Throughout the >60 years that the World Health Organization (WHO) has been in existence, member states have made use of the constitutional provision that permits the Health Assembly to adopt regulations concerning sanitary and quarantine requirements and other procedures designed to prevent the international spread of disease (1). In 1951, the first such regulations, the International Sanitary Regulations, were adopted and focused on 6 communicable diseases requiring coordinated international measures to control their transmission between countries (2). By the 1990s, they had been amended and renamed the International Health Regulations (IHR); their application was reduced to only 3 diseases, and they were considered inadequate for addressing the increasingly globalized nature of health risks. In 1995, the Health Assembly called on the WHO secretariat to develop revised regulations that were more relevant to worldwide public health challenges (3–5). A process of intensive and wide technical consultation was followed by a series of intergovernmental negotiations in which WHO member states took control of the draft and negotiated additions and amendments to every aspect before agreeing to a final version in time for it to be adopted at the 58th Session of the Health Assembly (6).
Since entering into force in 2007, the IHR have provided a legally binding global framework to support national and international programs and activities aimed at preventing, protecting against, controlling, and providing a public health response to the international spread of disease (7). Although the IHR contain articles directed toward several facets of public health security, they can be broadly summarized into 2 main areas: urgent actions to be taken with respect to acutely arising risks to public health and strengthening of national systems and infrastructure (referred to as core capacities). This article provides an overview of selected contributions to these areas made during the past 5 years. It is written from the perspective of the WHO department charged with coordinating implementation of the IHR at WHO global headquarters in Geneva and seeks to identify major achievements and continuing challenges.

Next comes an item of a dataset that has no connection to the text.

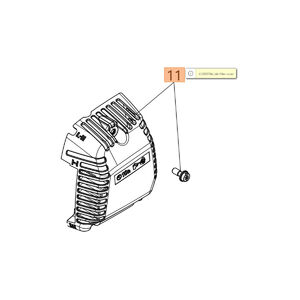 L&eacute;gszűrő levegőszűrő burkolat csavarral BC 270, 300, PPX 271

One of the early demonstrations of global commitment to implementation of the IHR has been the successful establishment of National Focal Points (NFPs) in all but 1 of the states parties to the IHR. (States parties to the IHR include all WHO member states, the Holy See [an observer to the World Health Assembly], and Liechtenstein.) NFPs are national centers, not individual persons, that occupy a critical role in conducting the communications aspects of the IHR, within their countries and internationally (8). They are responsible for proactively notifying WHO of relevant health events, responding to WHO secretariat requests for event-related information, and ensuring that messages and advice from WHO are disseminated to the relevant actors within the country. Since 2007, NFPs have been increasingly diligent in updating and confirming their contact details to WHO on an annual basis as required by the regulations. NFPs are officially sanctioned to work with WHO on IHR implementation and provide feedback to WHO on country needs and concerns for this task. Staff members who work in NFPs are a major audience for WHO training materials. The engagement of NFPs in the scientific evaluation of the IHR notification procedures has indicated that a high proportion of NFPs had a good understanding of the notification procedures and had accessed WHO training materials on this issue and has indicated that agreement was high in terms of events that must be notified when applying the procedures (9). NFPs have access to the contact details of all other NFPs through a password-protected website that enables direct communication among countries at the NFP level. For events that do not require WHO coordination (such as routine tracing of contacts for an infectious disease associated with international travel), such direct communications have been useful.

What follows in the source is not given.